**DATA SHOWN:**

'''

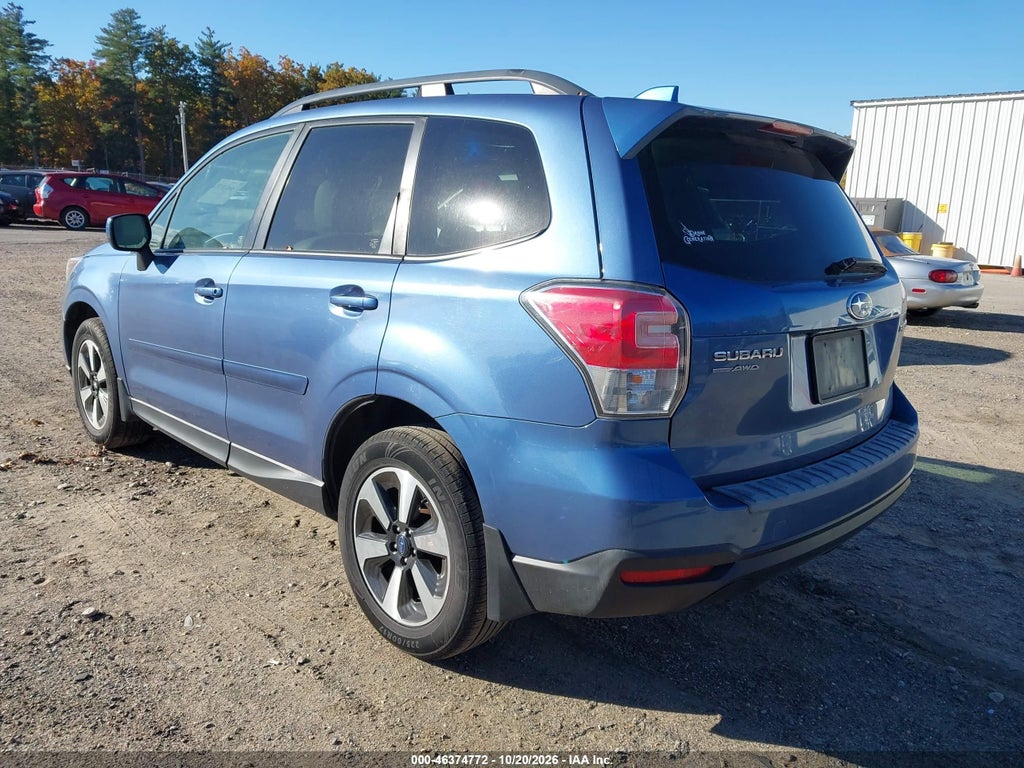 2018 Subaru Forester 2.5I Premium photo 3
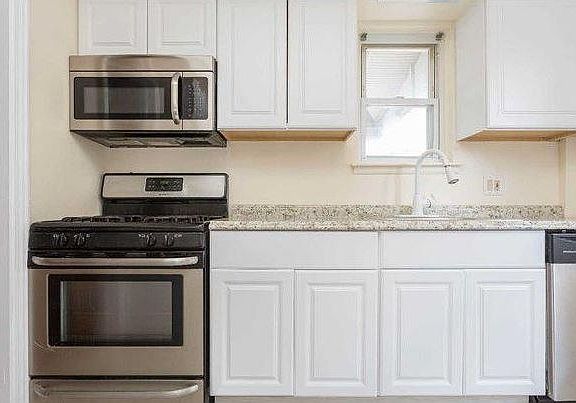 5th image of 112-37 180th St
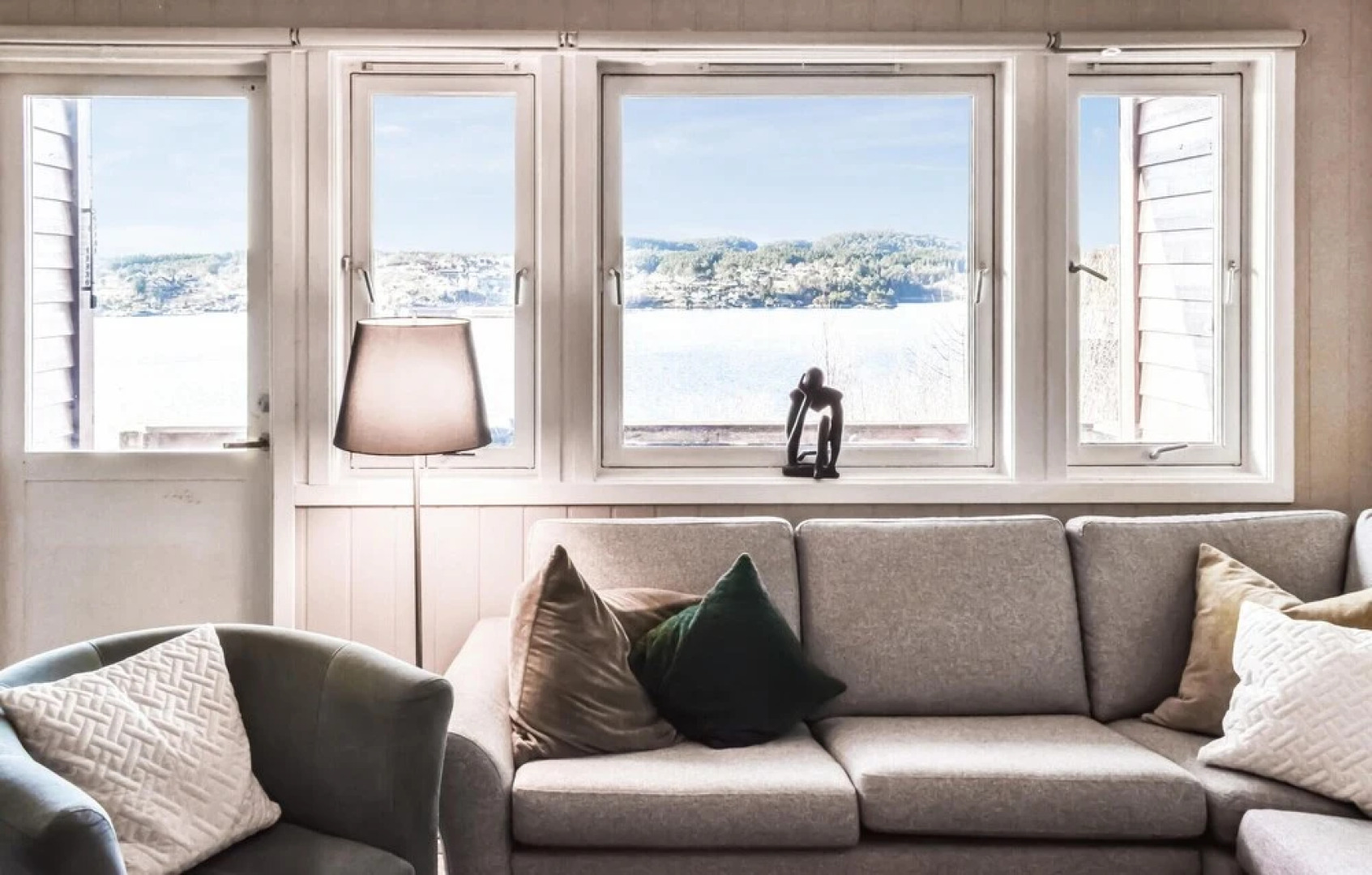 Stunning Home in Fana With 2 Bedrooms and Wifi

'''

An exact, image-free transcript of the material is required.

 2018 Subaru Forester 2.5I Premium photo 3
 5th image of 112-37 180th St
 Stunning Home in Fana With 2 Bedrooms and Wifi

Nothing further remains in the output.